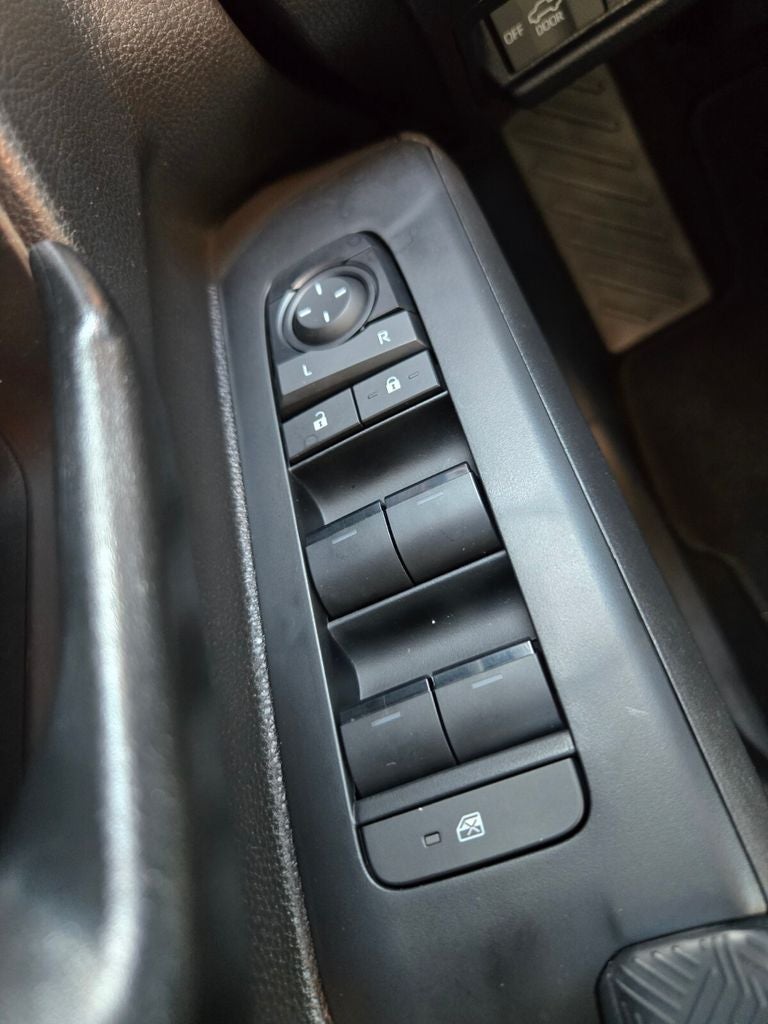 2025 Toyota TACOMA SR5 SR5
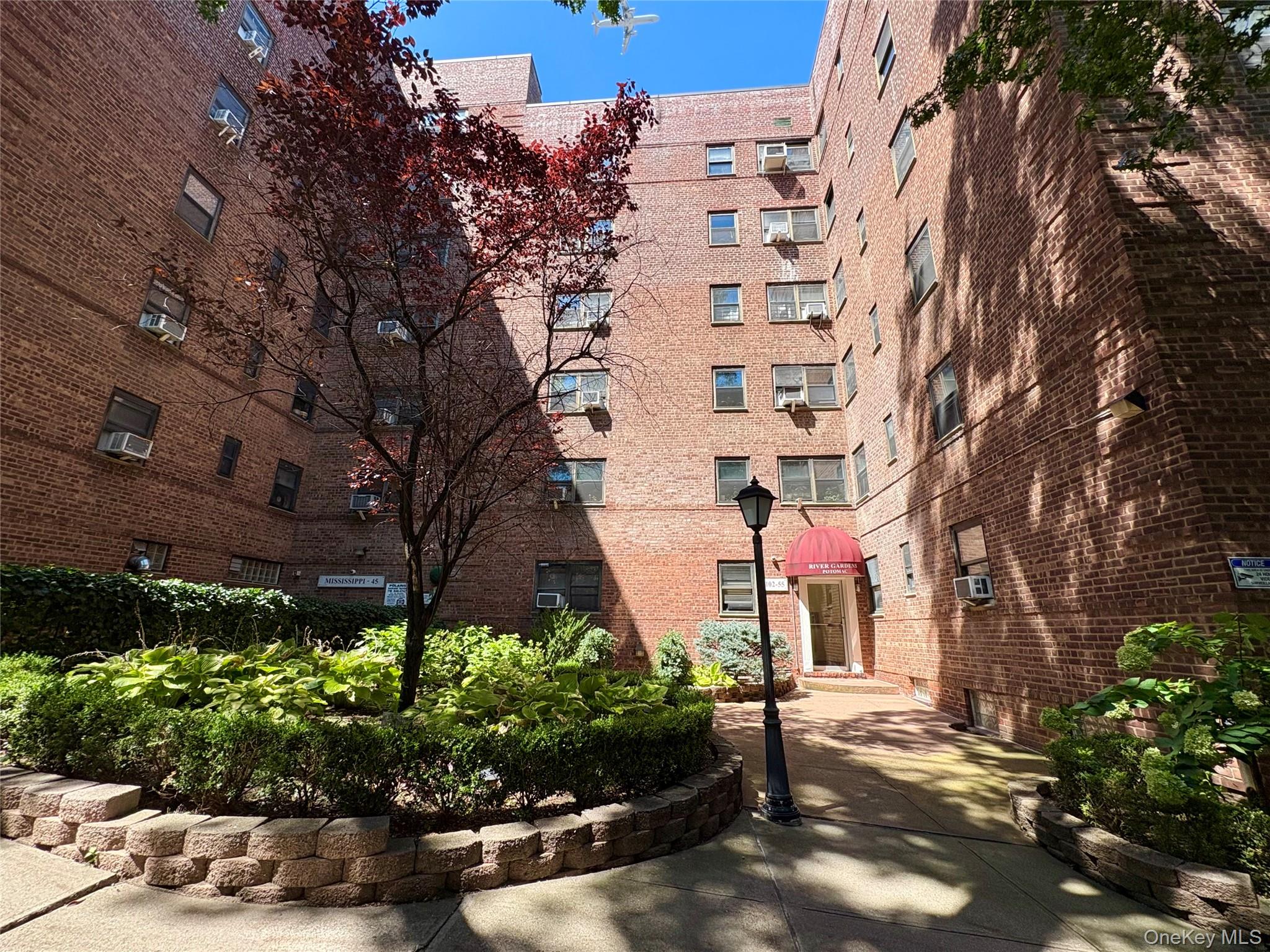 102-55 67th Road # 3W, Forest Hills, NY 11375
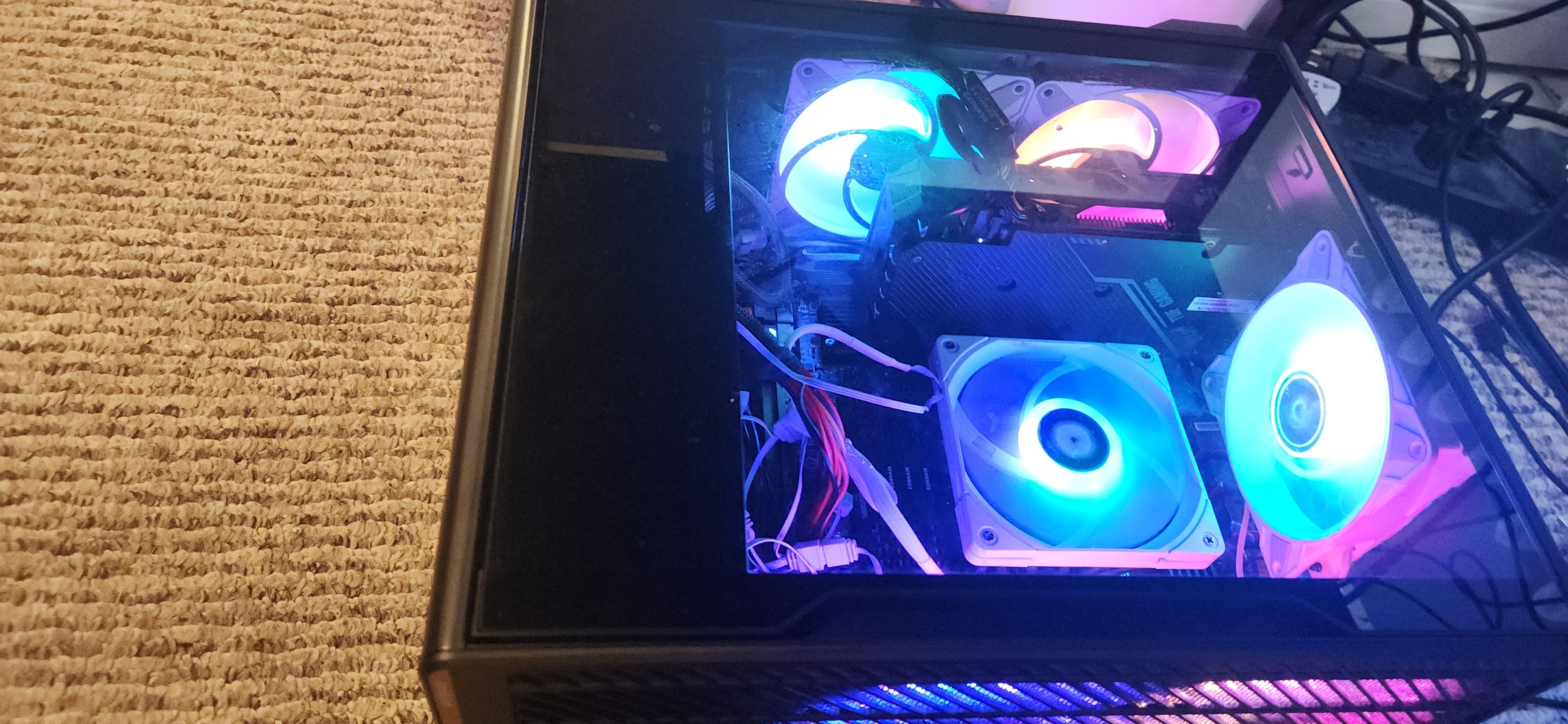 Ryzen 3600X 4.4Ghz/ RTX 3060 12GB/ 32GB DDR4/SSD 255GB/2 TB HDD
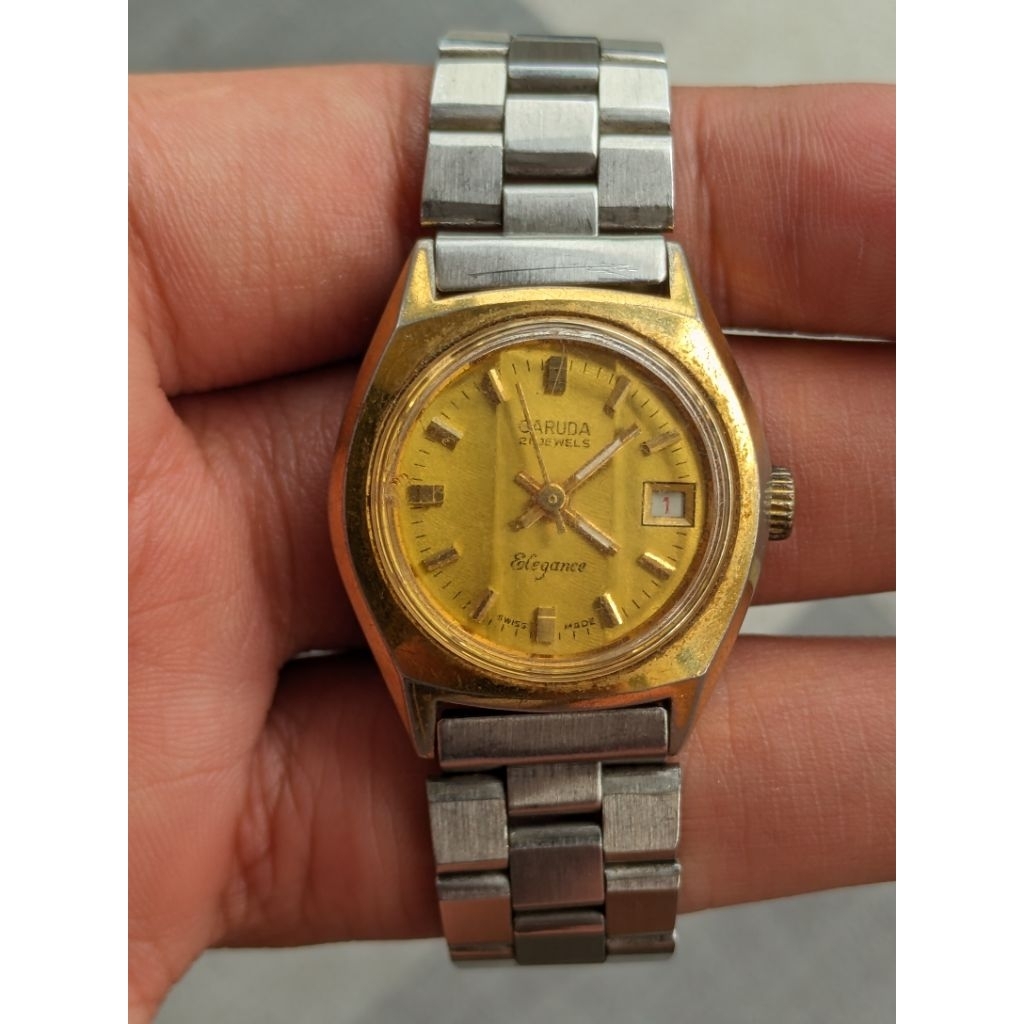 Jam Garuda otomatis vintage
□ □ □ □ □
**Exercise requirements:**
Quote the material in full and exactly; do not carry over its pictures.

**Response to this task:**
 2025 Toyota TACOMA SR5 SR5
 102-55 67th Road # 3W, Forest Hills, NY 11375
 Ryzen 3600X 4.4Ghz/ RTX 3060 12GB/ 32GB DDR4/SSD 255GB/2 TB HDD
 Jam Garuda otomatis vintage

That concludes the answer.